## Extracted information:
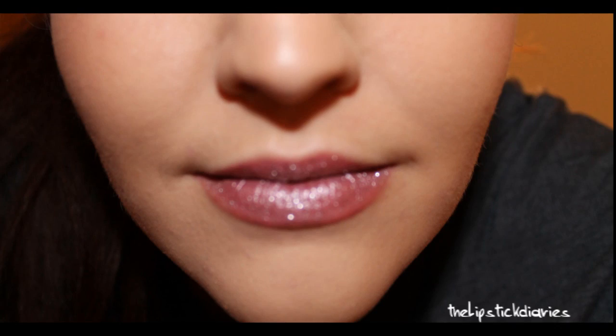And that's the finished look — really glittery, Christmassy pink lips. I think the best way to wear it is to either wear matte cheeks and only a little bit of shimmer on the eyes, or to wear some shimmer on the cheeks but then a matte eye.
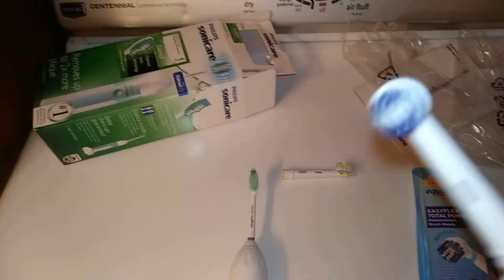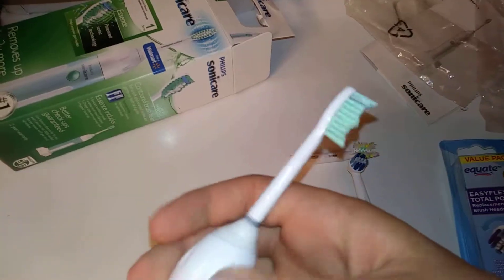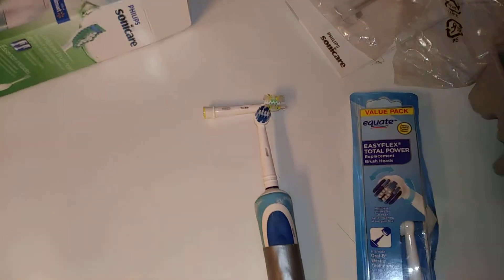Works just as good. This will not fit Sonicare — if I look at the Sonicare, it has a totally different mechanism — so it only works on the Oral-B toothbrushes.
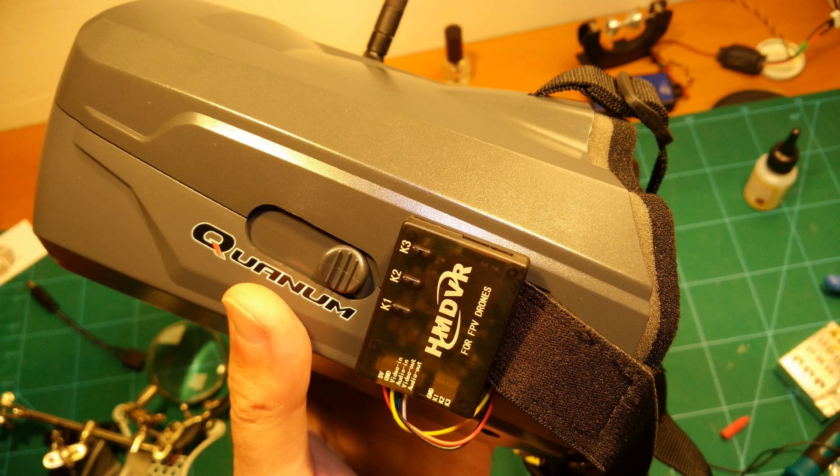This concludes this video and I hope you liked it. The Cyclops are now my preferred FPV goggles since they are so comfortable and lightweight, and I love the DVR feature for my small birds which do not have a dedicated recording camera on board. I hope you liked this video and if you did, please leave a thumbs up and subscribe. Many thanks for watching and see you next time.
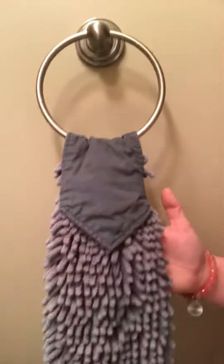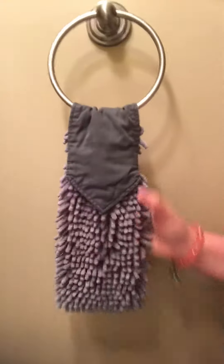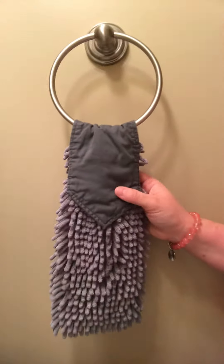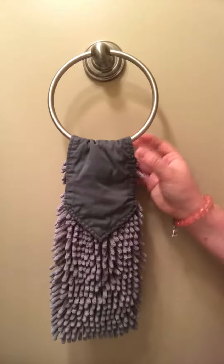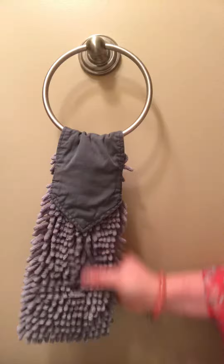So I wanted to tell you about two of my very favorite products. The first one is the chenille hand towel. It hangs nicely from the bar here or from a rack, an oven bar, a dishwasher handle — wherever you have somewhere that you are in need of drying hands. It has these nice chenille fingers on it.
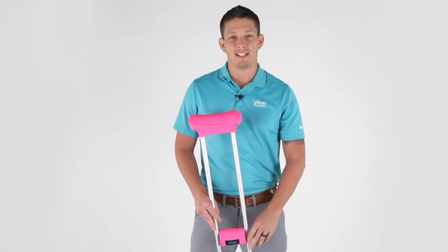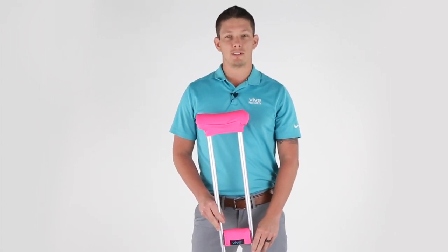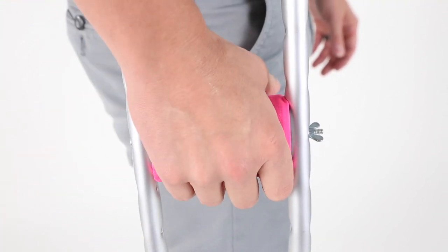Hey there, Brandon from VIVE Health again. Today we're going to go over our crutch pad. Our easy to install contour crutch pad is made with extra soft padding that eliminates chafing and irritation while protecting your clothes.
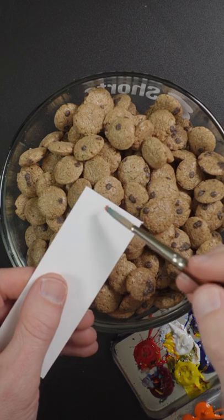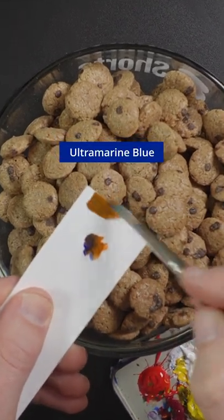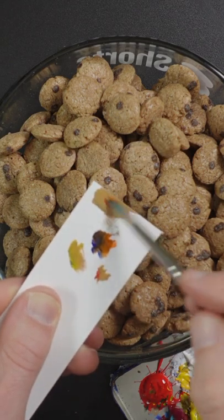I'm going to match the color of these chocolate chip cookies. This is cadmium orange and ultramarine blue. It needs to go lighter, so this is titanium white. A little bit of yellow, maybe a small amount of red.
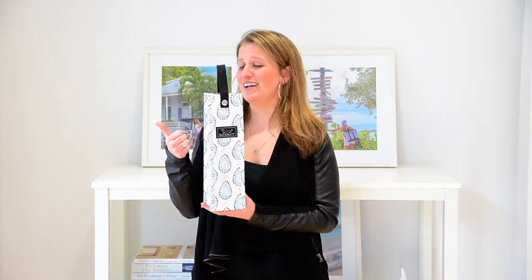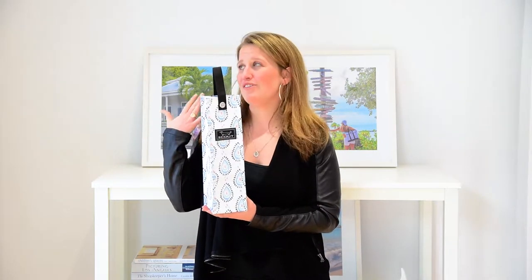I actually think that you could use it for a lot of other things. I've used it as a gift for golf balls, I've used it as a housewarming gift with olive oil. You can use it for flowers even or a baguette.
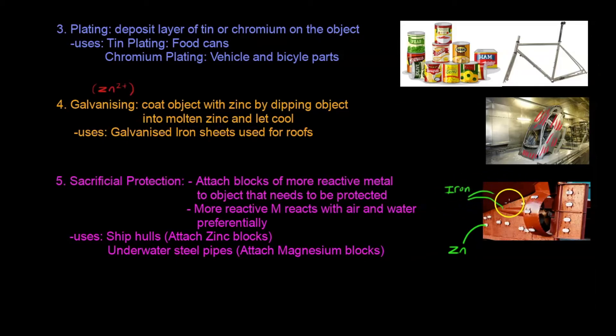This is a bit counter-intuitive because the iron is still exposed, but the zinc is so reactive that it draws away all surrounding air and water molecules, preventing the iron from rusting. There are two main applications: for ship hulls, zinc blocks are attached to the bottom of the ship; for underwater steel pipes, magnesium blocks are attached instead. These are standard examples to memorize. That is all for rusting and how to prevent rusting.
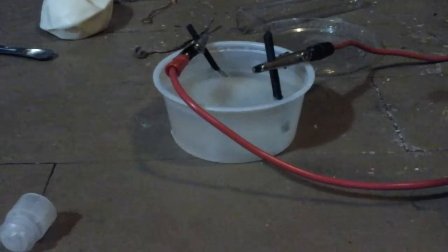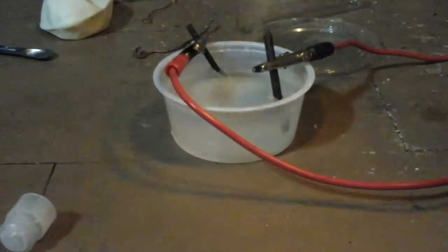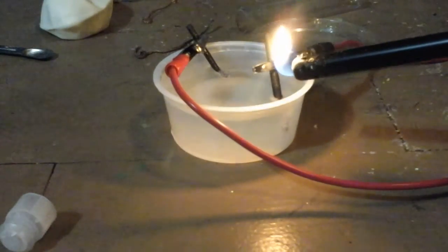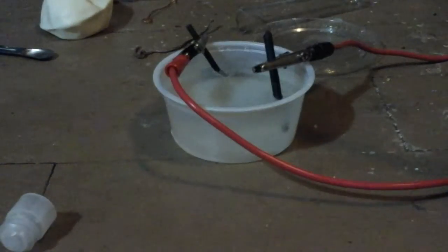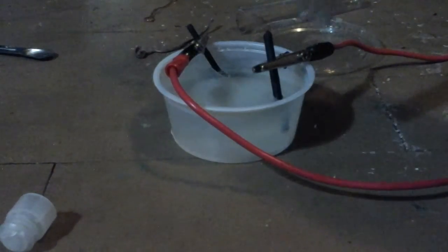Look at that — there's regular fire. It's increasingly hotter, so I think that's the hydrogen end.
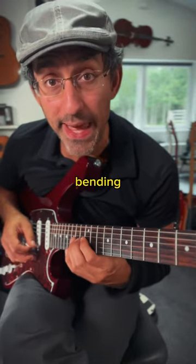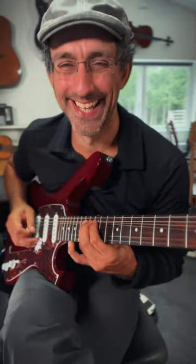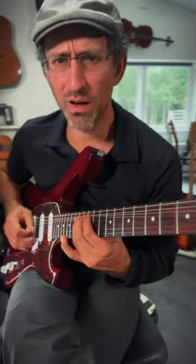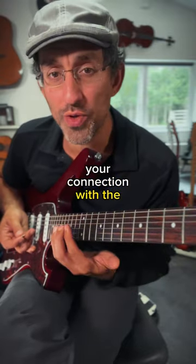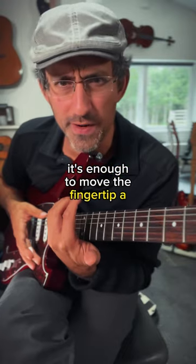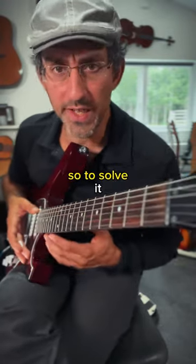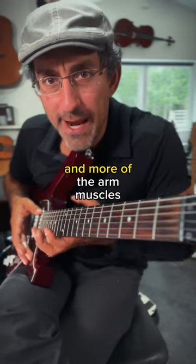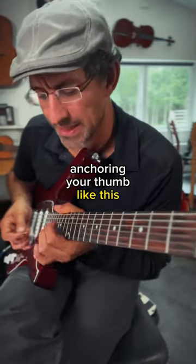Does this happen to you when bending? This happens because your connection with the string is not totally stable. It's enough to move the fingertip a millimeter to kill that note. So to solve it, use less of the finger muscles and more of the arm muscle. And that can be done by anchoring your thumb like this.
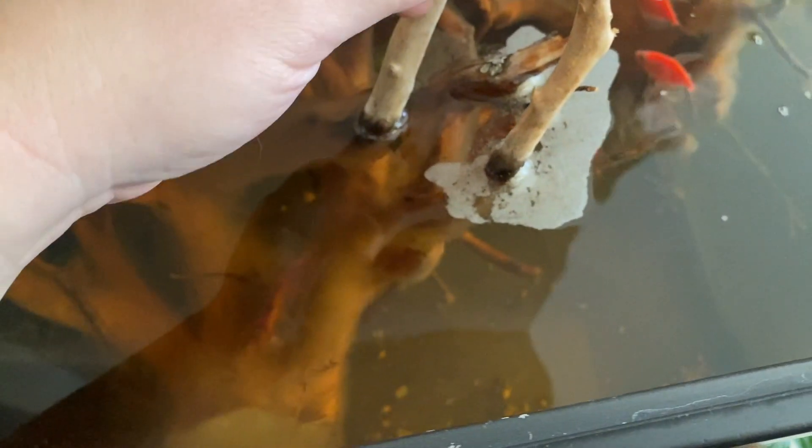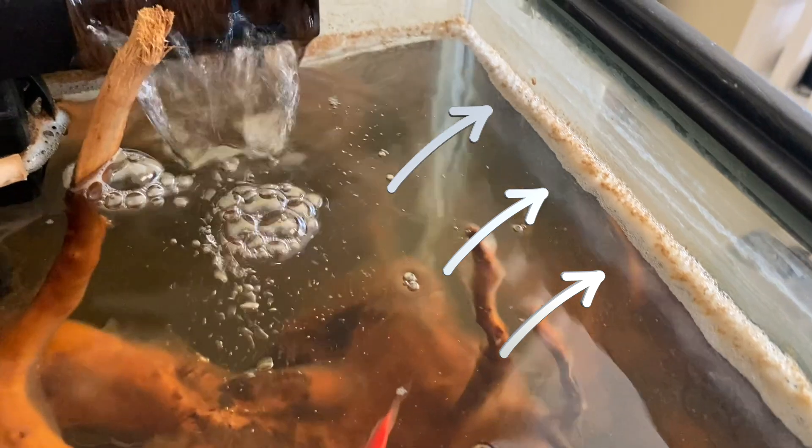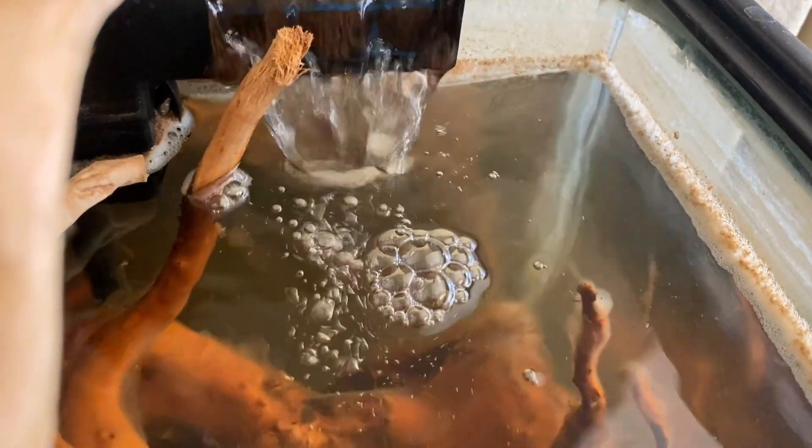A lot of people wonder what this is — it's a fungus growing off the branches because these are all new wood. They leach this fungus out when first put into water, creating this film and suds. That's because there's organic material inside the tank, which is the wood. So don't be afraid if you have wood that has this film on it.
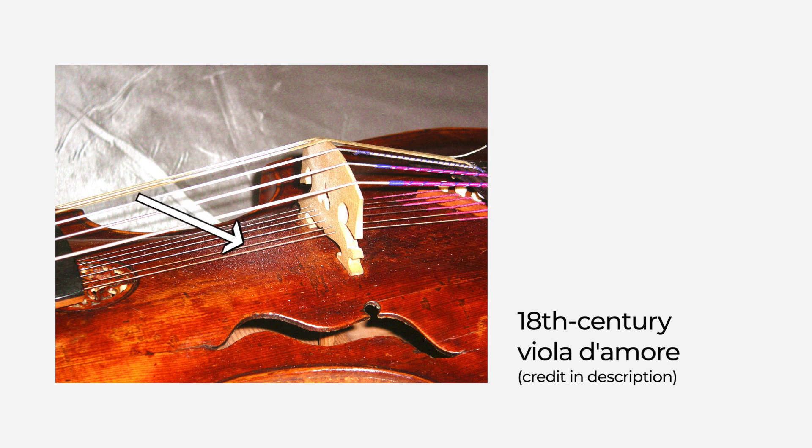I was recently thinking about sympathetic strings. They are a device found on some string instruments — basically a set of strings that aren't directly played by the musician. Instead, they are set into motion by resonance. Whenever the main string plays a note within the overtones of the sympathetic string's frequency, it will begin to resonate. If you want to learn more about overtones and harmonics, I will link to a video we shot earlier here and in the description.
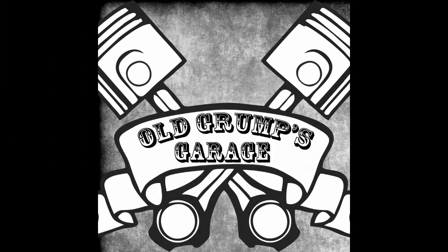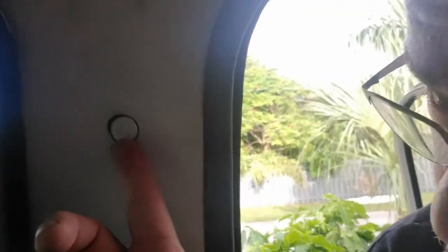On this episode of Old Grumps Garage, we're going to replace the seatbelts in a 1970 C20. If you've ever contemplated the lap belts in these old trucks and really wanted to put in a three-point belt system like your modern car has with a shoulder belt, we've got good news. Right over here, there's a little plug — if you pull it out, there's actually a nut back there to bolt a shoulder harness in.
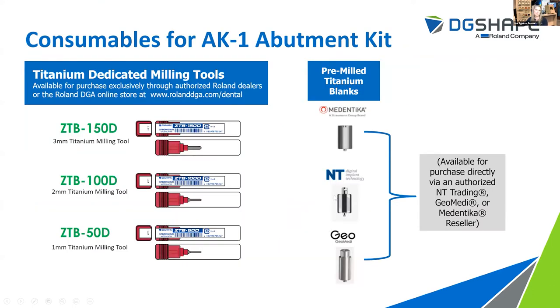As far as consumables for the AK1, it's pretty simple. You've got the titanium dedicated milling tools — your first set is included with the kit itself. In addition, you will need to purchase pre-mill titanium blanks from one of those three manufacturers: Medentica, NT Trading, and Geo Medi. Those can be purchased through an authorized reseller of those manufacturers of your choice.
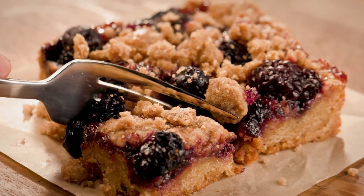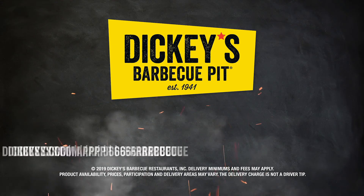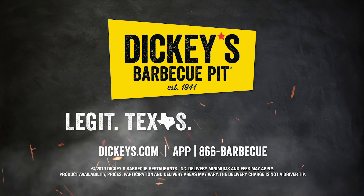Plus, try our new double berry cobbler for a limited time. So dine in at our place or have it delivered to yours — legit Texas BBQ.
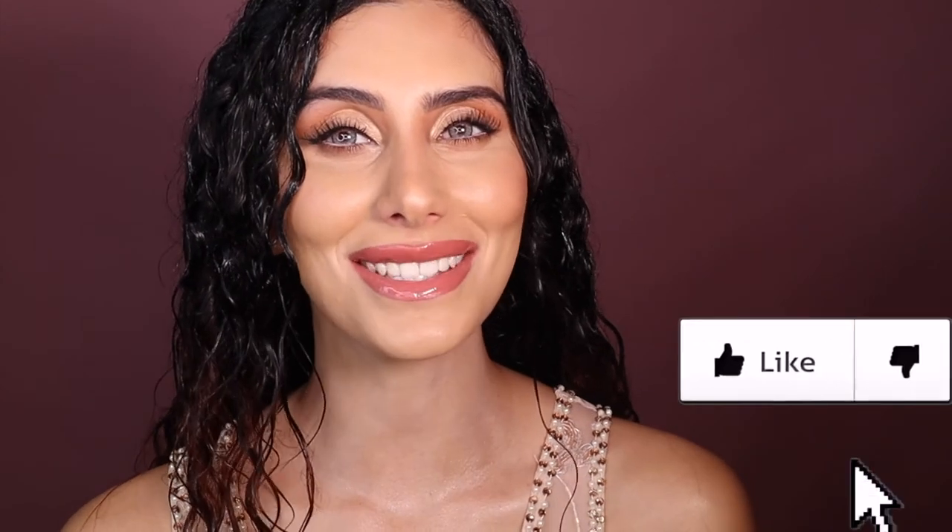Alright gorgeous queens, this is the final result! I really hope you guys enjoyed it — my hands are all sticky and my hair is crazy, but it's worth it. I hope you enjoyed this look. If you liked it, please give it a big thumbs up, make sure to subscribe, and let me know what look you want to see next. I'll see you later — bye queens!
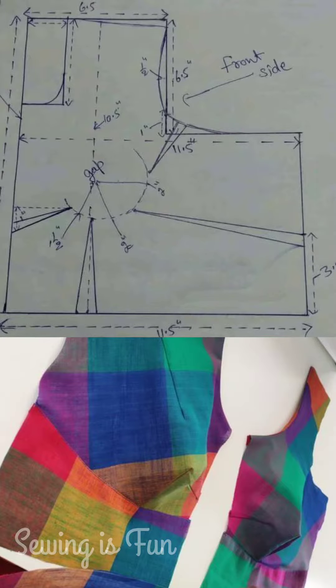My first pattern is this simple 4-pleated blouse pattern. Here you will get 4 pleats around the chest, armhole, bust and the waistline. And these type of blouses you can wear with simple cotton sarees.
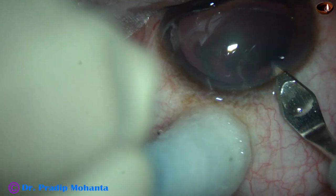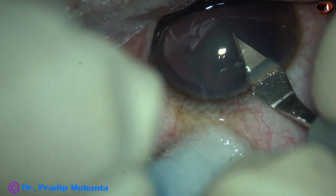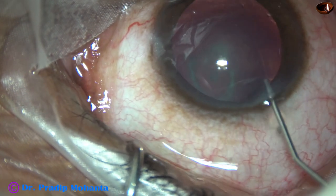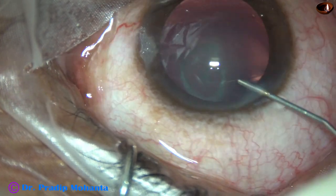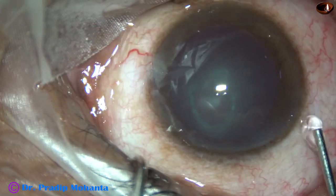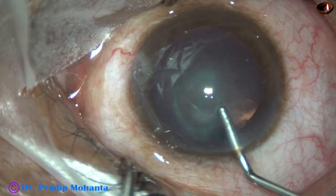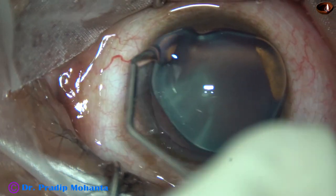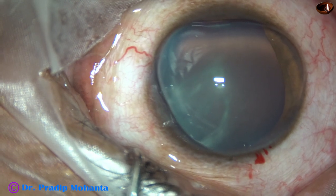This is the main incision with a 2.8mm steel keratome on the posterior aspect of the limbus. This is phenocaine, which contains lidocaine, phenylephrine and tropicamide. And this is 2% hydroxypropylmethylcellulose, applied over the cornea also for better visibility.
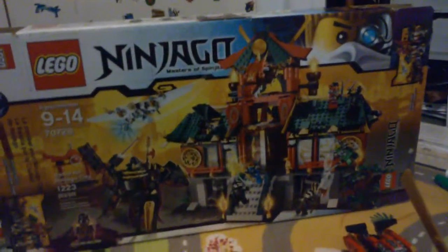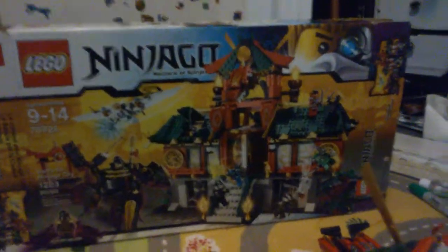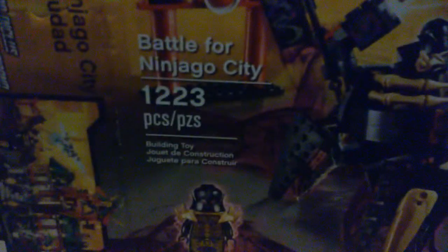Hey y'all, it's me Sebastian, and today I'm going to show you the Lego Ninjago Battle for Ninjago City. It's set number 70728, recommended for ages 9 to 14, and has 1,223 pieces.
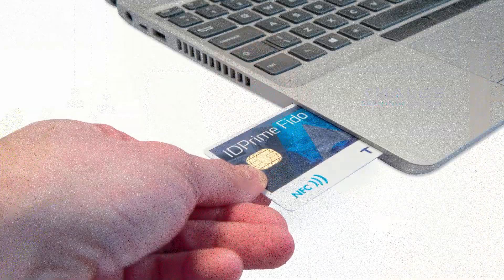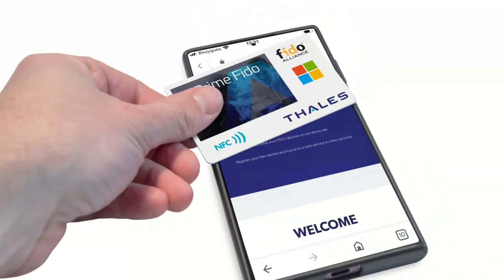The PKI capability ensures that you have the same features and functionalities that you might already be used to, in terms of secure access to the desktop and electronic signatures for emails as well as documents. In terms of FIDO, you get secure access to thousands of online applications such as Salesforce, ServiceNow, Office 365, and Workday, among many other corporate applications.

## What you have to do:
With the images omitted, retype the records above exactly.

## Answer to this task:
And that's the finished look — really glittery, Christmassy pink lips. I think the best way to wear it is to either wear matte cheeks and only a little bit of shimmer on the eyes, or to wear some shimmer on the cheeks but then a matte eye.
Works just as good. This will not fit Sonicare — if I look at the Sonicare, it has a totally different mechanism — so it only works on the Oral-B toothbrushes.
This concludes this video and I hope you liked it. The Cyclops are now my preferred FPV goggles since they are so comfortable and lightweight, and I love the DVR feature for my small birds which do not have a dedicated recording camera on board. I hope you liked this video and if you did, please leave a thumbs up and subscribe. Many thanks for watching and see you next time.
So I wanted to tell you about two of my very favorite products. The first one is the chenille hand towel. It hangs nicely from the bar here or from a rack, an oven bar, a dishwasher handle — wherever you have somewhere that you are in need of drying hands. It has these nice chenille fingers on it.
Hey there, Brandon from VIVE Health again. Today we're going to go over our crutch pad. Our easy to install contour crutch pad is made with extra soft padding that eliminates chafing and irritation while protecting your clothes.
I'm going to match the color of these chocolate chip cookies. This is cadmium orange and ultramarine blue. It needs to go lighter, so this is titanium white. A little bit of yellow, maybe a small amount of red.
I actually think that you could use it for a lot of other things. I've used it as a gift for golf balls, I've used it as a housewarming gift with olive oil. You can use it for flowers even or a baguette.
This is a bit counter-intuitive because the iron is still exposed, but the zinc is so reactive that it draws away all surrounding air and water molecules, preventing the iron from rusting. There are two main applications: for ship hulls, zinc blocks are attached to the bottom of the ship; for underwater steel pipes, magnesium blocks are attached instead. These are standard examples to memorize. That is all for rusting and how to prevent rusting.
Look at that — there's regular fire. It's increasingly hotter, so I think that's the hydrogen end.
Does this happen to you when bending? This happens because your connection with the string is not totally stable. It's enough to move the fingertip a millimeter to kill that note. So to solve it, use less of the finger muscles and more of the arm muscle. And that can be done by anchoring your thumb like this.
A lot of people wonder what this is — it's a fungus growing off the branches because these are all new wood. They leach this fungus out when first put into water, creating this film and suds. That's because there's organic material inside the tank, which is the wood. So don't be afraid if you have wood that has this film on it.
I was recently thinking about sympathetic strings. They are a device found on some string instruments — basically a set of strings that aren't directly played by the musician. Instead, they are set into motion by resonance. Whenever the main string plays a note within the overtones of the sympathetic string's frequency, it will begin to resonate. If you want to learn more about overtones and harmonics, I will link to a video we shot earlier here and in the description.
On this episode of Old Grumps Garage, we're going to replace the seatbelts in a 1970 C20. If you've ever contemplated the lap belts in these old trucks and really wanted to put in a three-point belt system like your modern car has with a shoulder belt, we've got good news. Right over here, there's a little plug — if you pull it out, there's actually a nut back there to bolt a shoulder harness in.
As far as consumables for the AK1, it's pretty simple. You've got the titanium dedicated milling tools — your first set is included with the kit itself. In addition, you will need to purchase pre-mill titanium blanks from one of those three manufacturers: Medentica, NT Trading, and Geo Medi. Those can be purchased through an authorized reseller of those manufacturers of your choice.
Plus, try our new double berry cobbler for a limited time. So dine in at our place or have it delivered to yours — legit Texas BBQ.
Alright gorgeous queens, this is the final result! I really hope you guys enjoyed it — my hands are all sticky and my hair is crazy, but it's worth it. I hope you enjoyed this look. If you liked it, please give it a big thumbs up, make sure to subscribe, and let me know what look you want to see next. I'll see you later — bye queens!
My first pattern is this simple 4-pleated blouse pattern. Here you will get 4 pleats around the chest, armhole, bust and the waistline. And these type of blouses you can wear with simple cotton sarees.
This is the main incision with a 2.8mm steel keratome on the posterior aspect of the limbus. This is phenocaine, which contains lidocaine, phenylephrine and tropicamide. And this is 2% hydroxypropylmethylcellulose, applied over the cornea also for better visibility.
Hey y'all, it's me Sebastian, and today I'm going to show you the Lego Ninjago Battle for Ninjago City. It's set number 70728, recommended for ages 9 to 14, and has 1,223 pieces.
The PKI capability ensures that you have the same features and functionalities that you might already be used to, in terms of secure access to the desktop and electronic signatures for emails as well as documents. In terms of FIDO, you get secure access to thousands of online applications such as Salesforce, ServiceNow, Office 365, and Workday, among many other corporate applications.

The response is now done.